FILE - In this Dec. 31, 2017, file photo, UCLA coach Steve Alford gestures during the team's NCAA college basketball game against Washington in Los Angeles. Nevada hired former UCLA coach Alford on Thursday April 11. four days after Eric Musselman left for Arkansas.

FILE - In this Dec. 31, 2017, file photo, UCLA coach Steve Alford gestures during the team's NCAA college basketball game against Washington in Los Angeles. Nevada hired former UCLA coach Alford on Thursday April 11. four days after Eric Musselman left for Arkansas.

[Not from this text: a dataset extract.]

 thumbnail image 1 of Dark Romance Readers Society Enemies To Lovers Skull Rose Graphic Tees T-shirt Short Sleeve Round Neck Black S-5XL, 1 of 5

The Nevada Wolf Pack men’s basketball team has a new head coach. But does it have players? Steve Alford got a 10-year contract to coach the team last week but he takes over a roster that has been gutted. Seven seniors left after last year but five more (Jazz Johnson, Jordan Brown, Jalen Harris, Nisre Zouzoua, K.J. Hymes) have already entered the NCAA’s transfer portal, though Johnson has said he’ll remain at Nevada for his senior year. Another player (senior Lindsey Drew) has said he will stay at Nevada and hasn’t entered the transfer portal but that doesn’t mean much because Drew’s career might be over anyway since he’s coming off Achilles and hip surgery over the last year or so. Unless Alford can turn back the clock to 1987 and start shooting jumpers like he did for Bobby Knight it might be a difficult transition year at Nevada in 2019-20.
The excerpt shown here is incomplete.